Step 1: Initialize indexio¶

indexio init-config

This creates infra/indexio/config.yml with default settings for chunking and embedding.

Step 2: Register sources¶

Tell indexio what to index. Sources are directories or file patterns:

indexio add-source docs/         # markdown documentation
indexio add-source bib/main.bib  # bibliography entries
indexio add-source src/          # source code

Each source gets chunking parameters appropriate to its content type. The config file (infra/indexio/config.yml) stores the registered sources.

What to index

Index the materials your agent needs for context:

docs/ — project documentation, how-to guides, design decisions
docs/log/ — notio notes (ideas, tasks, meeting notes)
bib/ — bibliography entries and extracted paper text
src/ — source code (useful for code search alongside codio)
docs/reference/codelib/ — codio curated library notes

Step 3: Build the corpus¶

indexio build

This runs the full pipeline:

Scan registered sources for files
Chunk documents into passages (respecting markdown headers, code blocks, etc.)
Embed chunks using the configured embedding model
Store the vector index for retrieval

Build time depends on corpus size. A typical research project (100 docs, 50 papers) takes a few minutes.

Step 4: Query via MCP¶

Single query¶

Ask the agent a question and it retrieves relevant passages:

You: What methods exist for detecting travelling waves in neural data?

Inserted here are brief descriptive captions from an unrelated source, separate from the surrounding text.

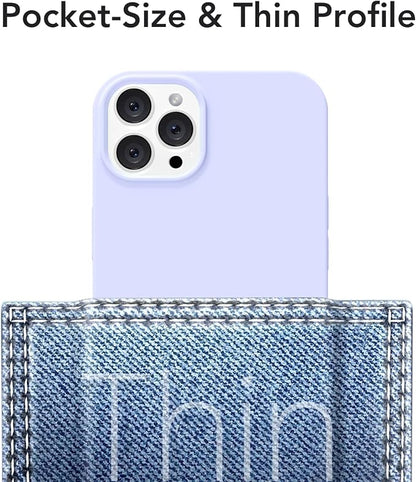 for iPhone 12/12 Pro Case Silicone Compatible with Magsafe Case, Ultra Slim Thin Magnetic Phone Cases Mag Safe, Cute Soft Rubber Gel Matte Wireless Charging Cover for Women, Purple Lavender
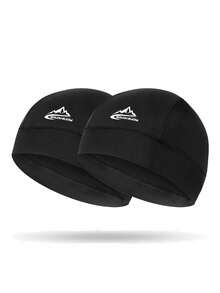 1pc/2pcs Unisex Printed Quick-Dry Breathable Sports Skull Cap, Outdoor Cycling Motorcycle Helmet Liner Headwrap, Suitable For Daily Outings, Riding And Matching - Multicolor - View 11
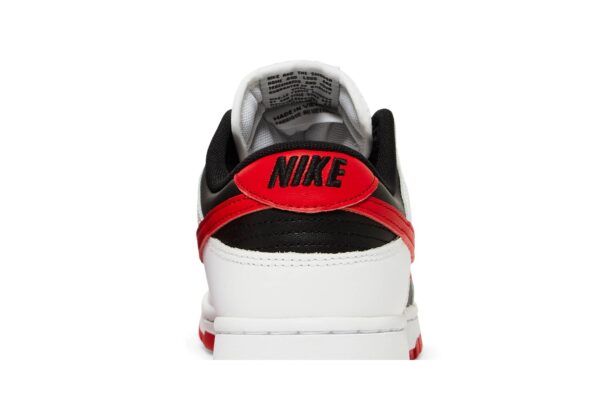 Nike Dunk Low Retro White Black University Red FD9762-061 - Nicesk photo 7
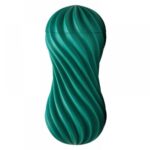 Мастурбатор Tenga FLEX Fizzy Green зі змінною інтенсивністю, можна скручувати, вакуум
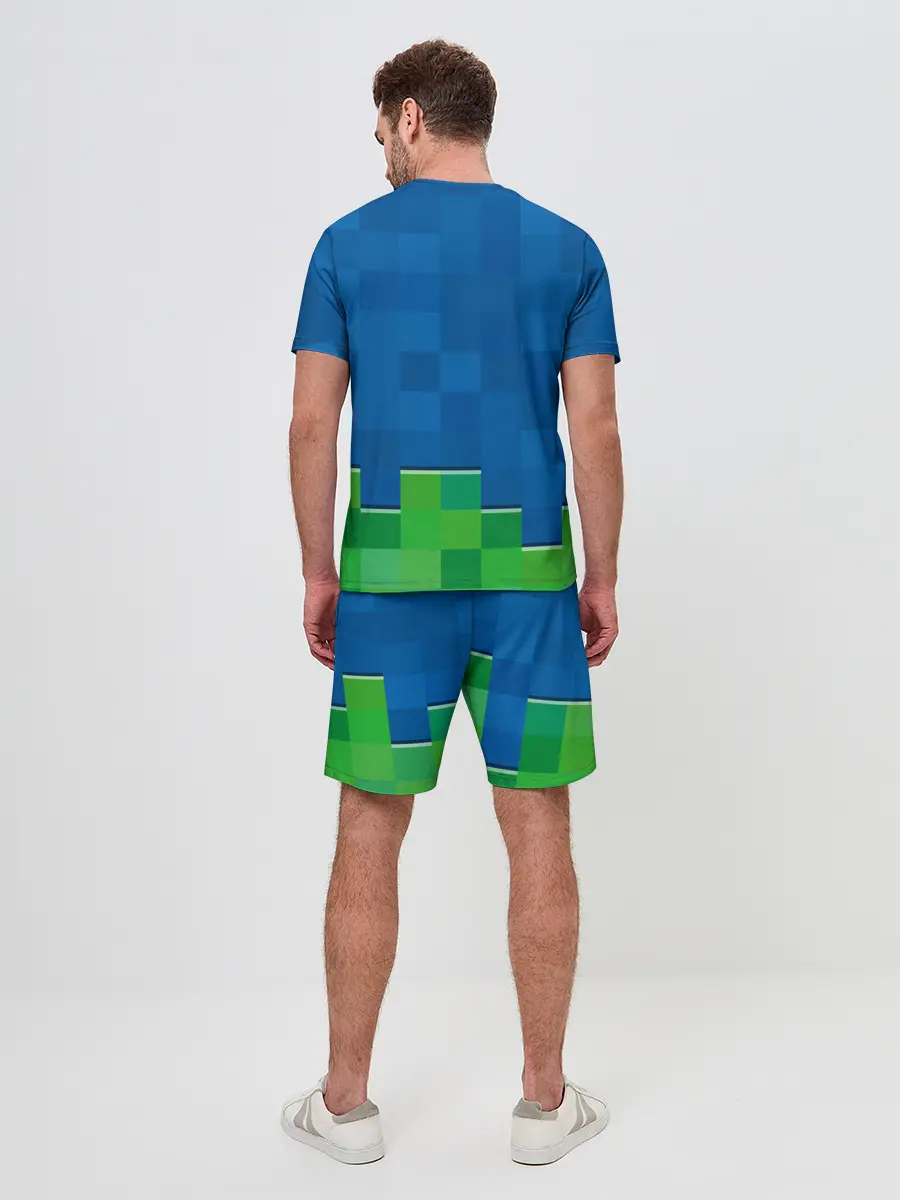 Мужской костюм с шортами / Minecraft / Майнкрафт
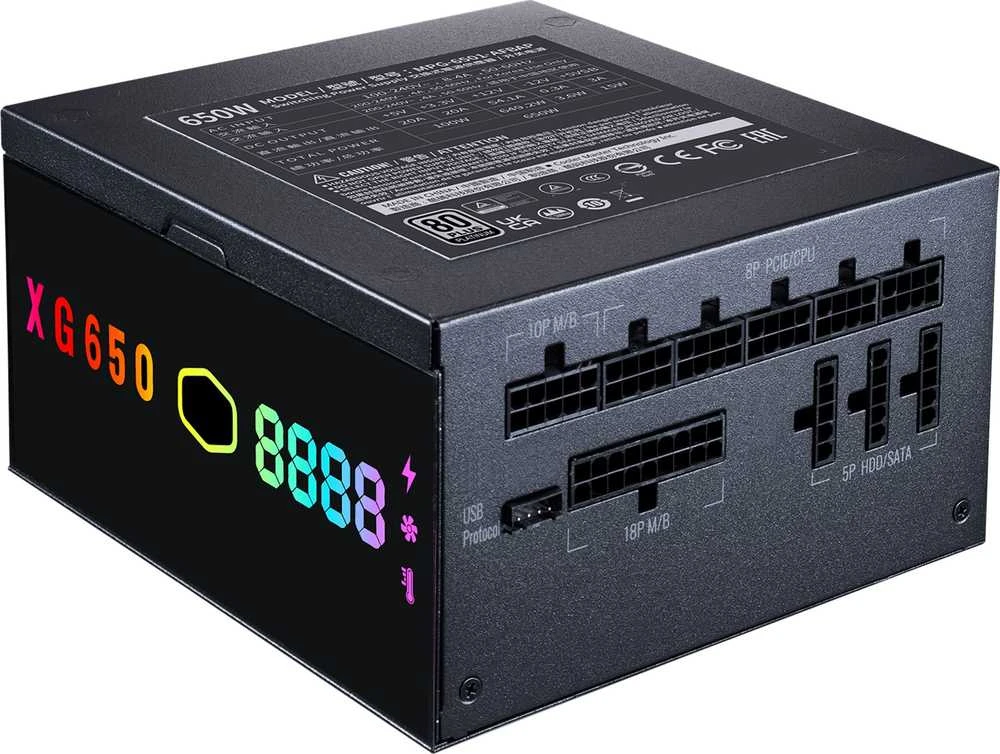 COOLER MASTER PSU XG Plus 650W Modular 80+ Platinium ARGB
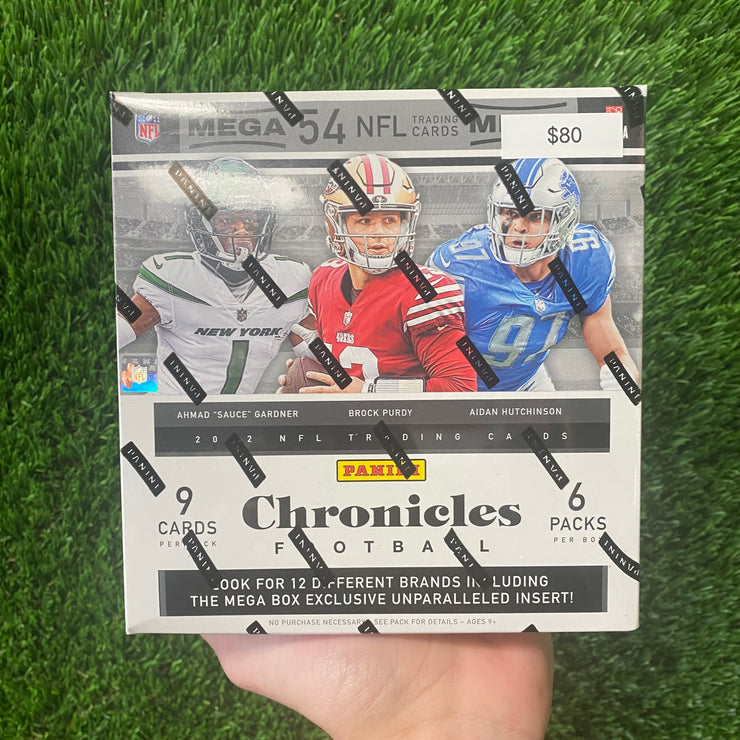 2022 Chronicles Football Mega Box (Unparalleled Inserts)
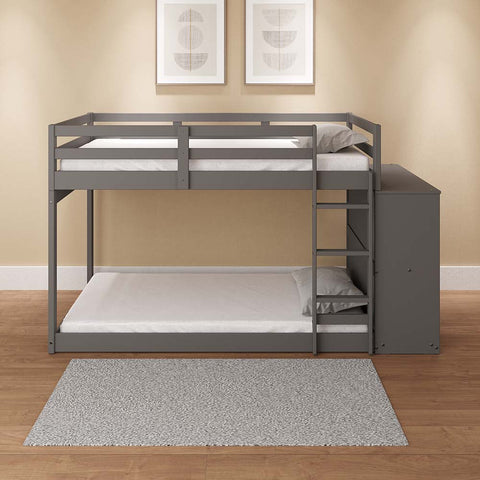 ACME Gaston Gray Finish Gaston Twin/Twin Bunk Bed Model BD01372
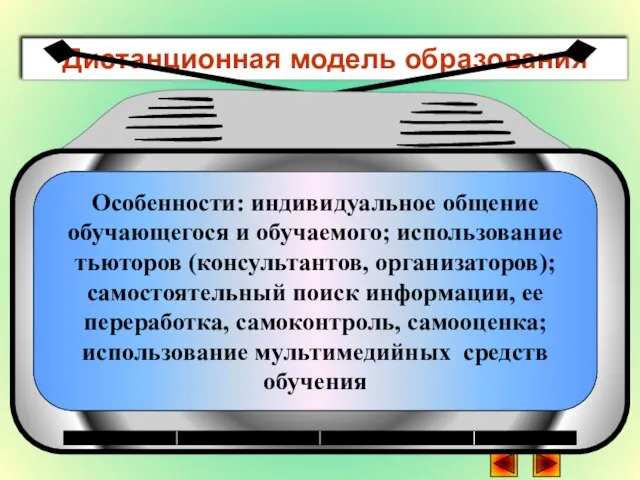 Дистанционная модель образования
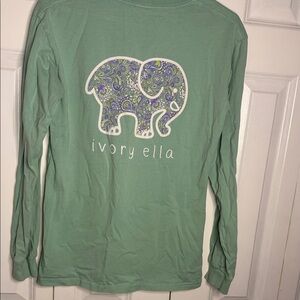 Ivory Ella Mint Green Elephant Tee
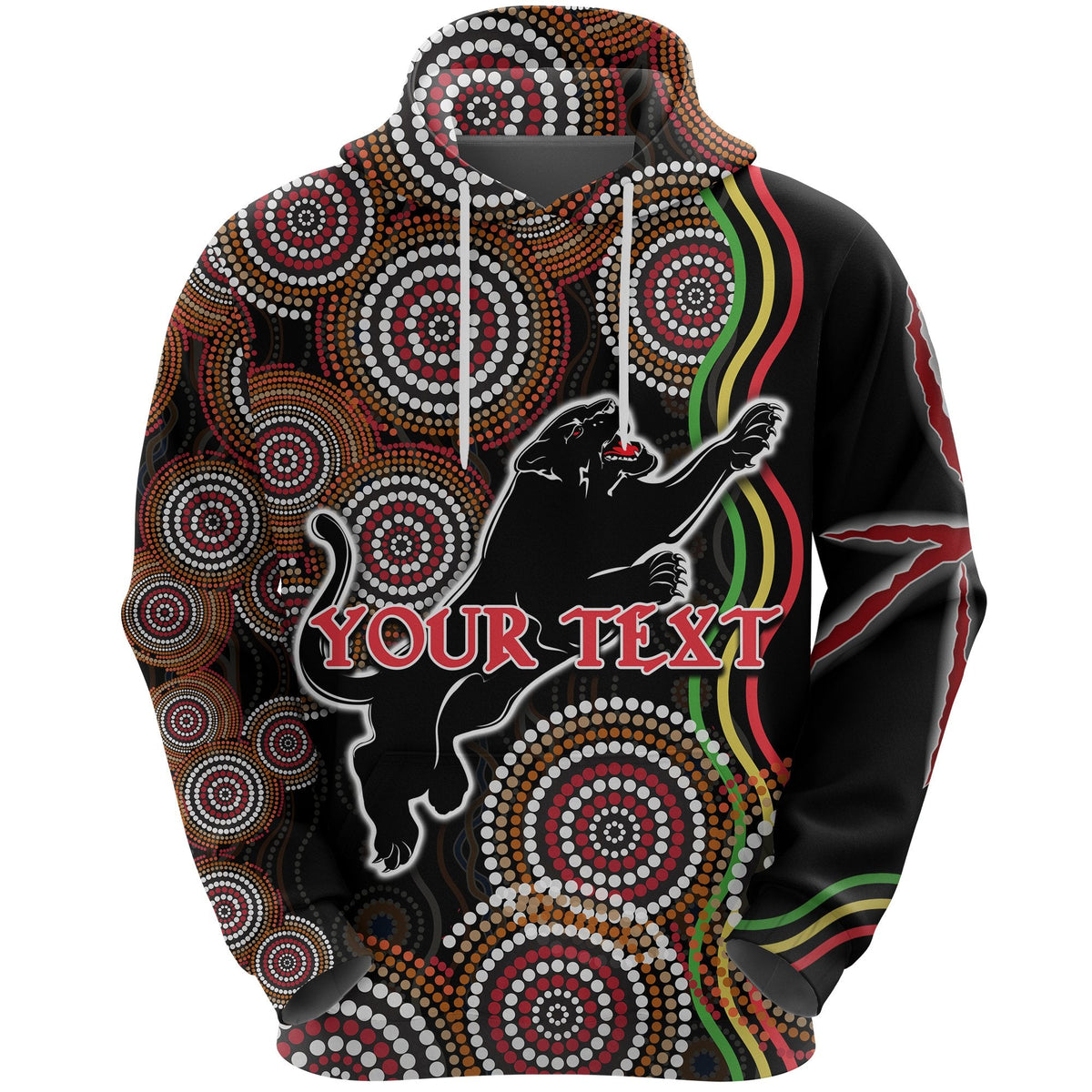 custom-personalised-panthers-black-hoodie-indigenous-penrith-version
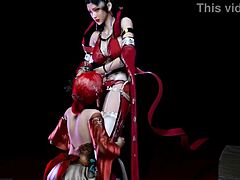 3D Threesome's Bold Princess Hero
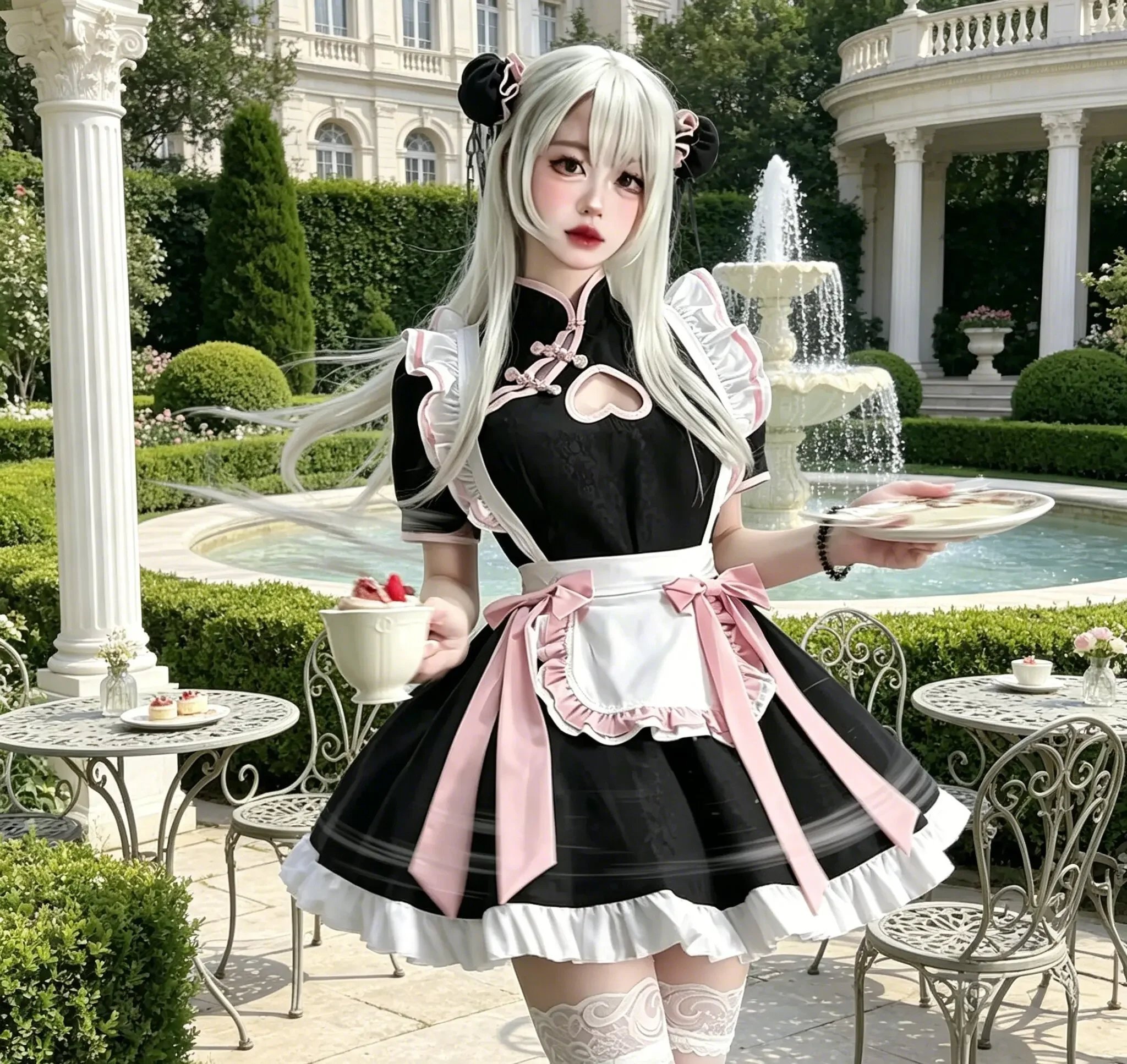 Nieuwe Sweet Lolita Maid cospl - Bathrobe recensie en prijs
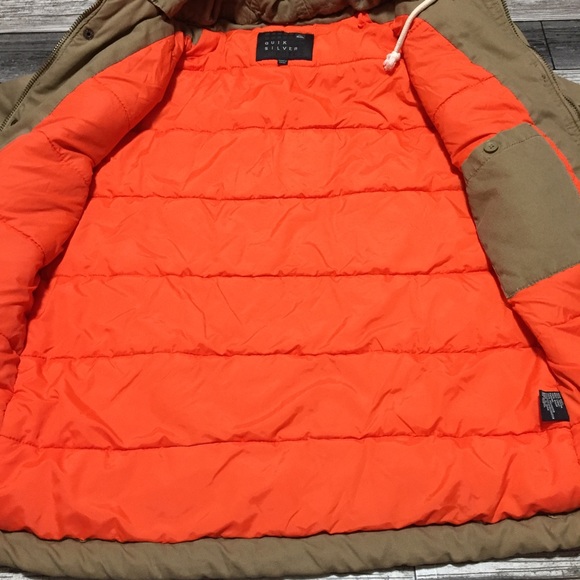 Quiksilver Canvas Hooded Jacket Men’s M Beige Tan Lined Full Zip Utility - Picture 7 of 11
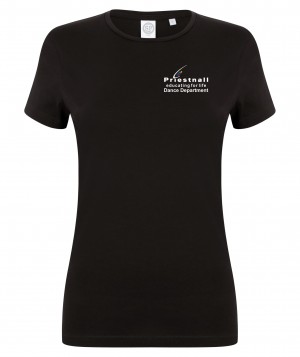 Priestnall Dance Dept Womens Stretch Crew Neck T-shirt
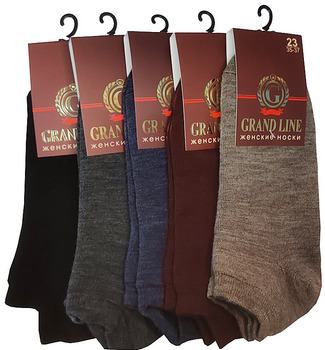 Носки женские тёплые GRAND LINE (ЖТ-54, однотонные), р. 23* - Группа компаний "ДСМ" (носки оптом)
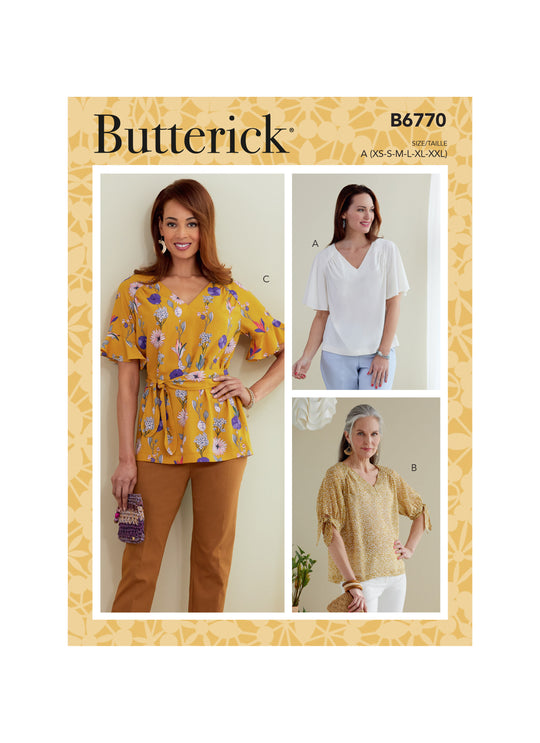 Butterick Schnittmuster B6770 Damen Top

The agent calls rag_query(query="methods for detecting travelling waves in neural data", k=8):

{
  "corpus": "default",
  "results": [
    {
      "chunk_id": "bib/docling/muller_2018.md:chunk_3",
      "score": 0.91,
      "text": "Phase gradient methods compute the spatial derivative of instantaneous phase...",
      "source": "bib/docling/muller_2018.md"
    },
    {
      "chunk_id": "docs/log/idea/idea-arash-20260310.md:chunk_1",
      "score": 0.84,
      "text": "Compare optical flow approaches vs phase gradient for wave detection...",
      "source": "docs/log/idea/idea-arash-20260310.md"
    }
  ]
}

The results include text excerpts with source attribution, so the agent can cite where information came from.

Multi-query search¶

For complex questions that span multiple facets:

You: I need to understand both the mathematical foundations and the Python
     implementations for multitaper spectral analysis.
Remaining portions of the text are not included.